Environmentalists were not satisfied because they had called for a veto of the entire bill, known as the Forest Code, saying any weakening of the law would put the world's largest rainforest at risk. Government officials said the partial veto went far enough to keep Brazil on track in its efforts to quell the destruction of the Amazon and other biomes.

"It's the code of those who believe it's possible to produce food and preserve the environment," Agriculture Minister Jorge Ribeiro Mendes told reporters.

Mendes and other officials said the government made 12 vetos and 32 other alterations to the bill, including a requirement for large landowners to reforest land they had illegally cleared, with less stringent requirements the smaller the area involved. Rousseff long indicated she wanted a bill that was less rigorous for smaller, poor farmers and ranchers in the Amazon and elsewhere.

"The big (farmers) have vast extensions of land and have the means to recover all the areas of permanent preservation," Teixeira said.

The bill now goes back to Congress, and legislators have 30 days to override Rousseff's changes with a simple majority, which is considered unlikely.

The Amazon rainforest is considered one of the world's most important natural defenses against global warming because of its capacity to absorb huge amounts of carbon dioxide.

About 75 percent of Brazil's emissions come from rainforest clearing, as vegetation burns and felled trees rot. That releases an estimated 400 million tons of carbon dioxide into the atmosphere every year, making Brazil at least the sixth-biggest emitter of the gas.

The bill revising the Forest Code passed Congress last month after more than a decade of efforts by Brazil's powerful agricultural lobby to make changes to what has been one of the world's toughest environmental laws, at least on paper. The Brazilian government until recently rarely enforced the measure, and authorities are still stymied by a lack of resources as they to police a swath of rainforest the size of the United States west of the Mississippi River.

Environmentalists said changes to the law were disastrous, as they "send a highly negative signal that will lead to more deforestation and undermine deforestation control measures," said Kenzo Juca Ferreira, with the WWF in Brasilia.

The bill as Congress passed it allowed smaller farmers and ranchers to work land closer to riverbanks and on hilltops, which environmental activists say will lead to increased deforestation. Those who support the bill, however, said it gives long-needed help to smaller Brazilian farmers forced off the land by the strong environmental restrictions on how they can work.

The bill had big support in both houses of congress. The Senate version of the bill provided more protections to sensitive environmental areas, but the bill that arrived before Rousseff was that passed by the House, which further loosened the law and was viewed by the president as not tough enough to combat deforestation.
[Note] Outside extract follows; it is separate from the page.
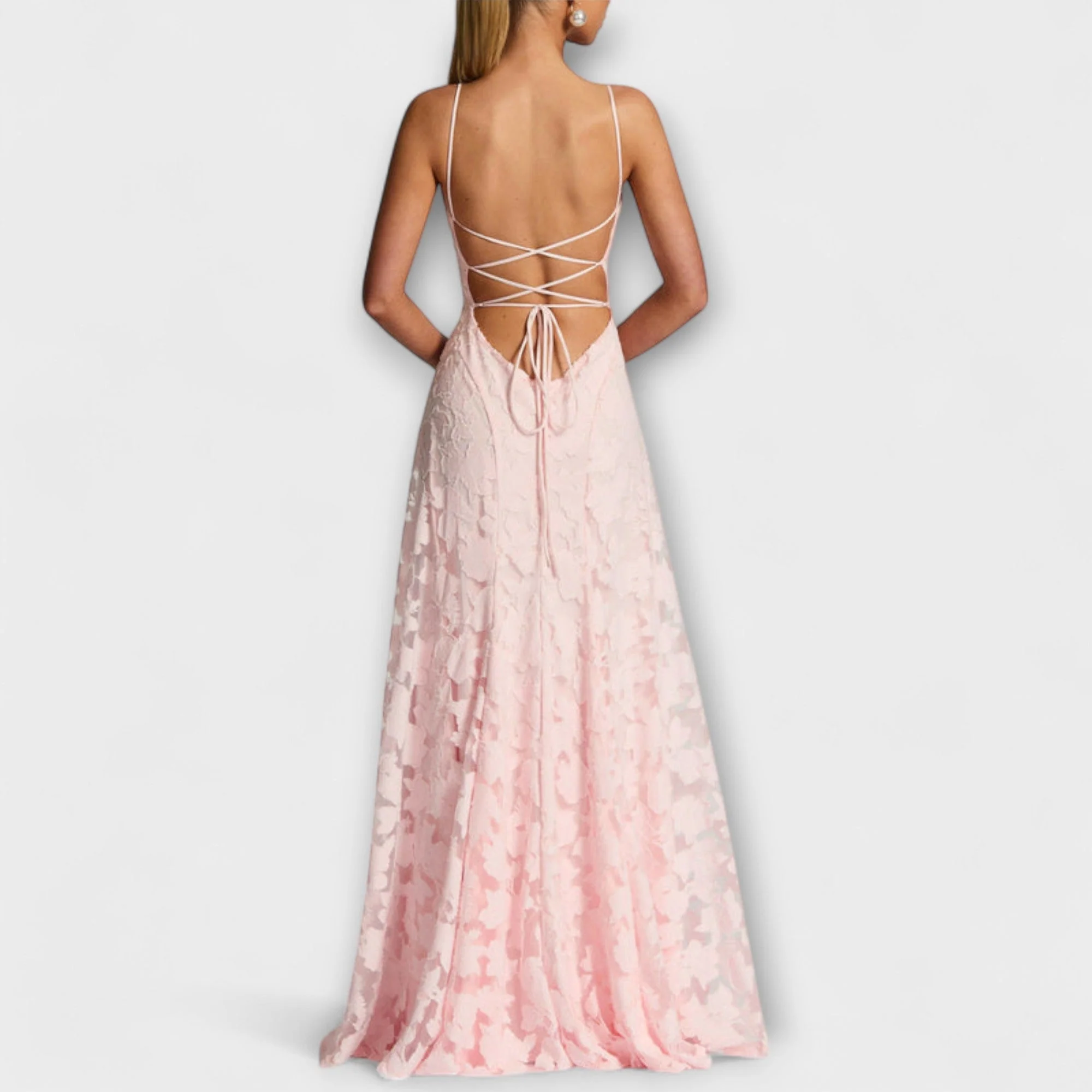 Kairi - Stylish Floral Lace Maxi Dress with Spaghetti Straps - Image 6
Backers of the bill said recent drops in deforestation indicate pragmatic changes to the law could be made without leading to new destruction, by more effectively enforcing environmental protections that until somewhat recently were virtually ignored by Brazil's government.
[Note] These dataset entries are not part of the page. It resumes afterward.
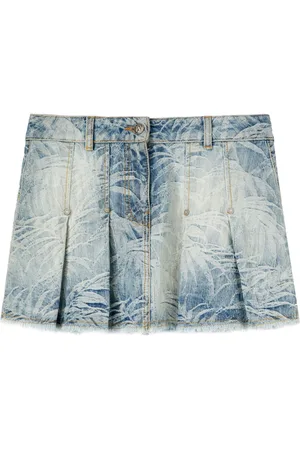 Palm Angels Kort plisseret nederdel med palme-jacquard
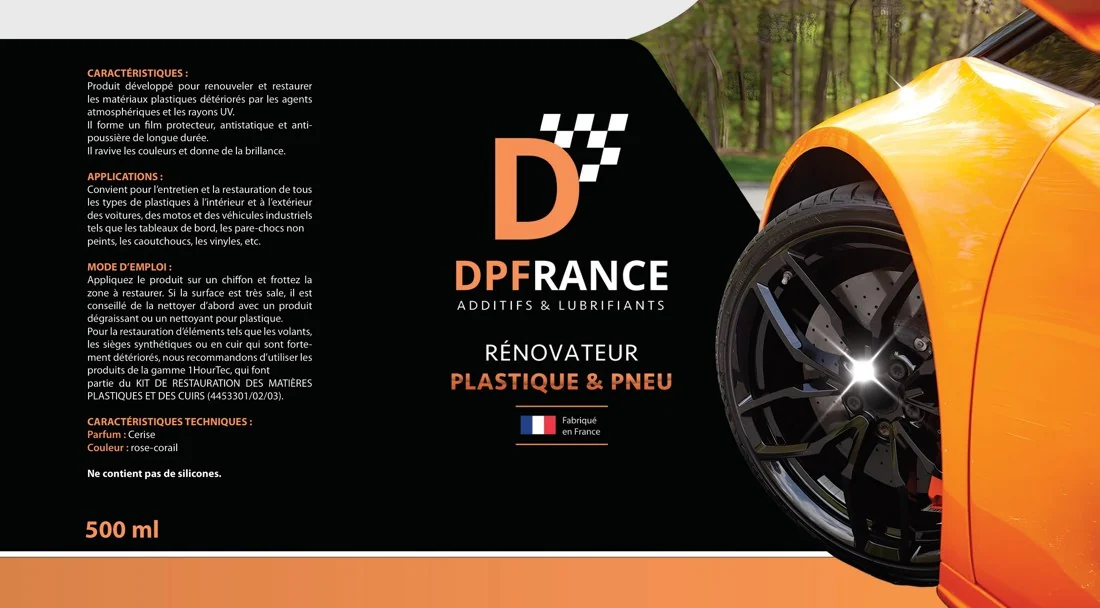 Piste d'étiquette Rénovateur avec visuel de voiture orange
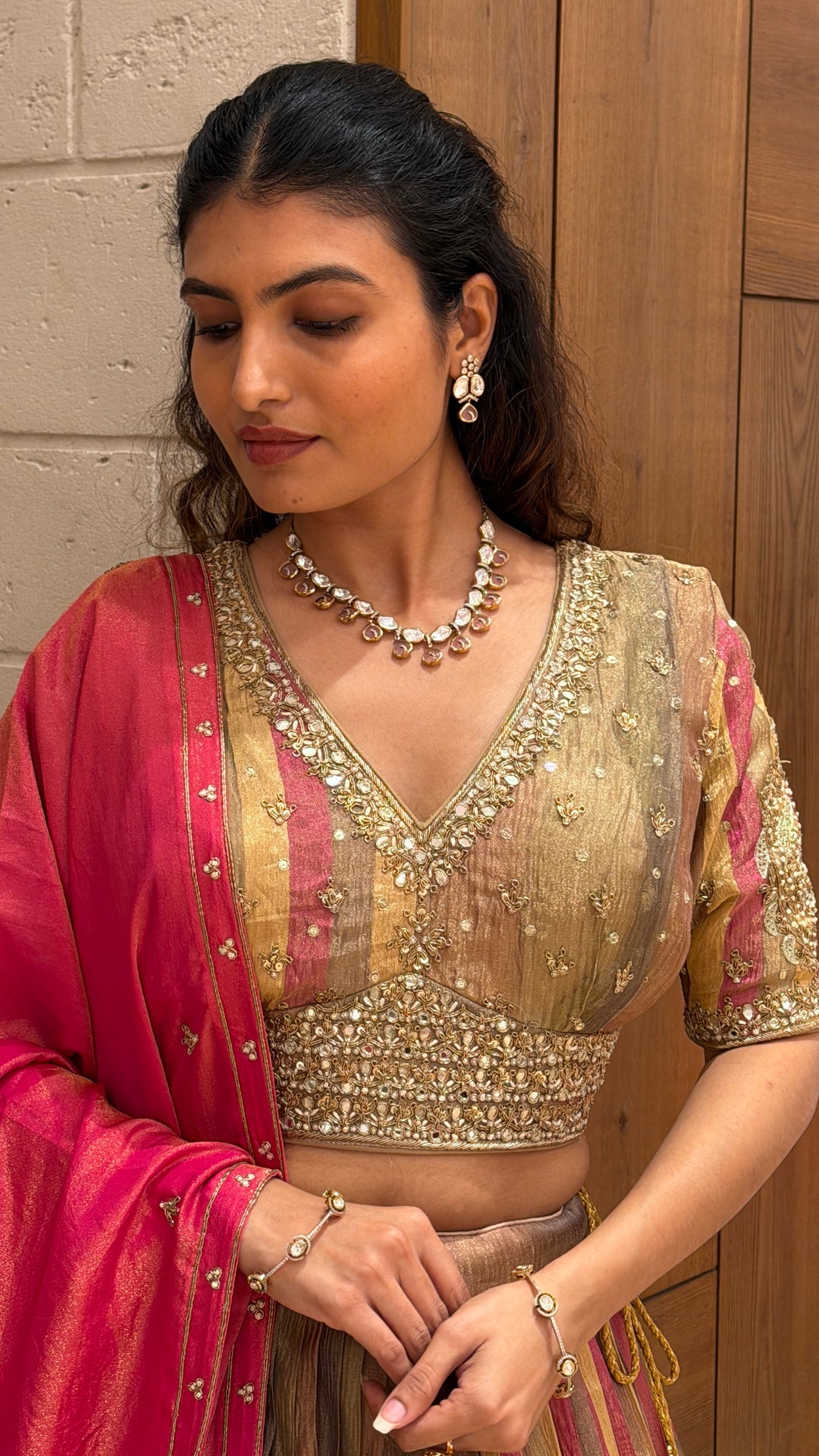 Designer Multicolour Striped Lehenga Set with Embellished Blouse & Pink Dupatta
About 20 percent of Brazil's Amazon rainforest has been destroyed. But beginning in 2008, the government stepped up enforcement, using satellite images to track the destruction and send environmental police into areas where deforestation was happening at its quickest pace. Amazon deforestation slowed and hit its lowest recorded level from August 2010 through July 2011, when just 2,410 square miles (6,240 square kilometers) were felled.

However, there are just 1,400 federal environmental police to cover the vast and often impenetrable Amazon along with the rest of Brazil, leading environmentalists to worry that further drops in the destruction may be unlikely — and might even return to increasing because the new bill loosens restrictions.
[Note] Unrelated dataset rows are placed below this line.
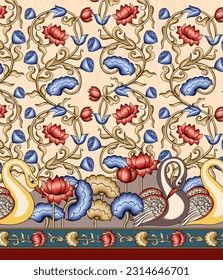 an intricately decorated wall panel with birds and flowers in blue, red, yellow and white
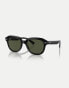 Фото #1 товара Ray-Ban erik square sunglasses in black with green lens in black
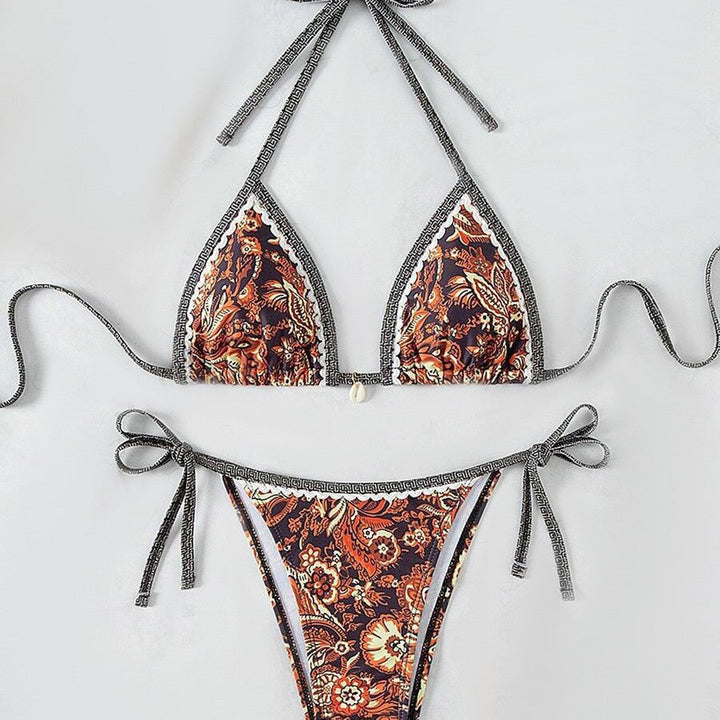 Damen Triangel-Bikini mit floralem Vintage-Muster Drune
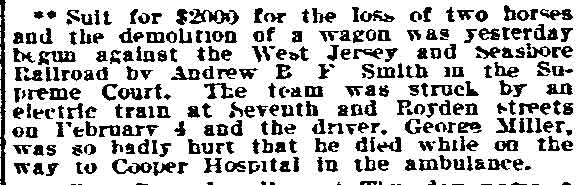 Philadelphia Inquirer article, May 26, 1910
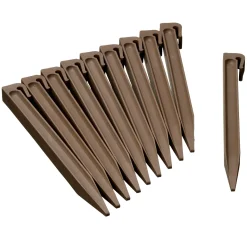 Nature grondpennen voor tuinborder polyethyleen taupe 1,9x1,8x26,7cm 10 stuks
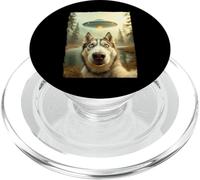 Funny Husky UFO Encounter Hilarious Husky Dog Selfie Aliens PopSockets PopGrip per MagSafe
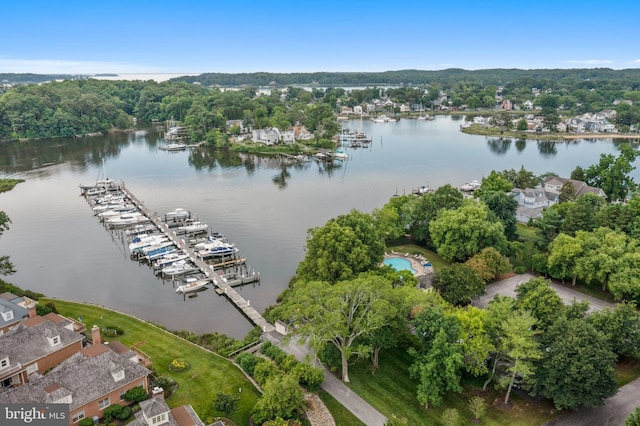 birds eye view of property featuring a water view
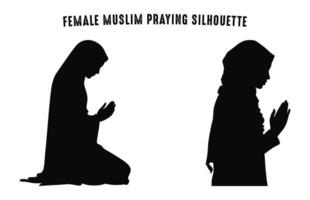 A Female Muslim Praying black Vector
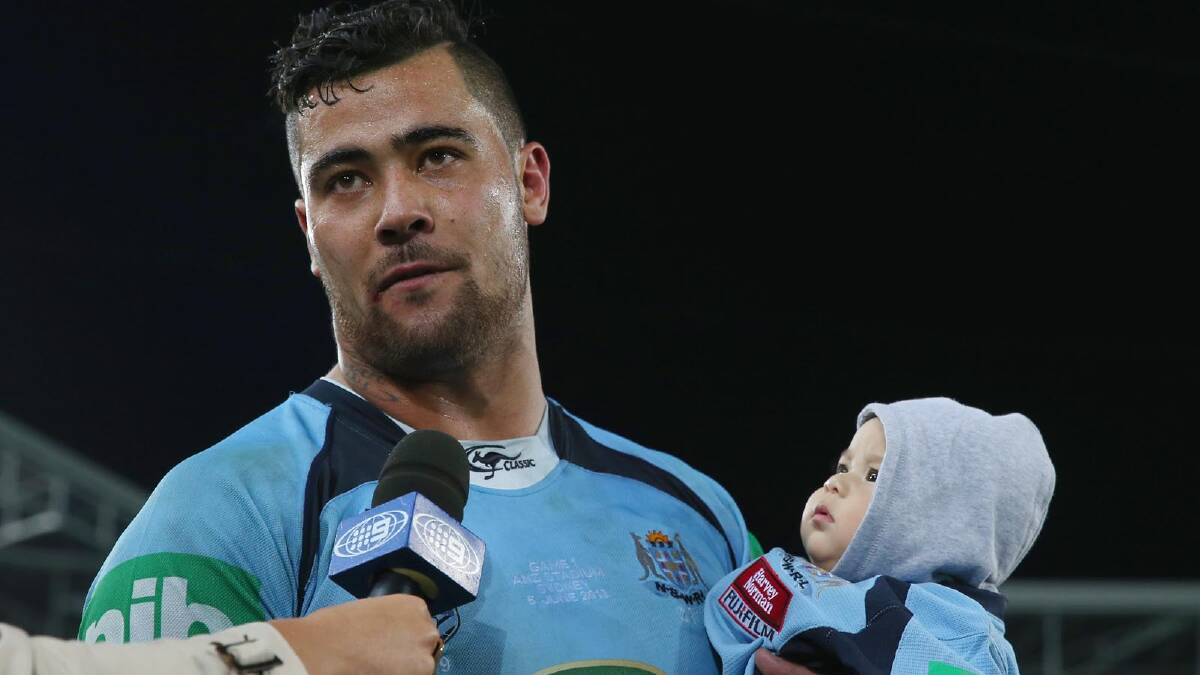 Andrew Fifita ... with son Latu Jay after Origin I this year. Picture: Getty Images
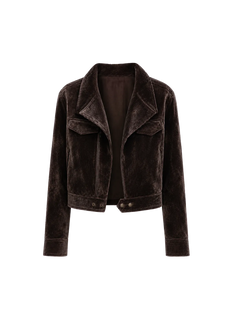 FireladyFur Women's Cropped Biker Jacket - Flocked Denim Moto Coat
Opponents of the bill also argue that while government enforcement did help slow deforestation, temporary economic factors also played a role — that demand for the cattle, soy, timber and iron ore produced in the Amazon fell in the United States and Europe as the global financial crisis took hold. It's feared the appetite for those goods will increase and lead to a resumption in destruction once the world economy recovers.

The most contentious part of the bill passed by Congress was that it scrapped most protections for riverbanks, including maintaining strips of forest 30 yards (meters) to 100 yards (meters) deep along waterways. The version sent to Rousseff mandated only that small rivers maintain 15 yards (meters) of forest along their banks, which are sensitive to rapid erosion that can then reduce water quality, promote flooding and affect the plants and animals that use the rivers to survive.

Teixeira's indication that Rousseff was returning the bill back to what the Senate approved indicates that protections for riverbanks would be reinstated, though to what extent won't be known until Monday.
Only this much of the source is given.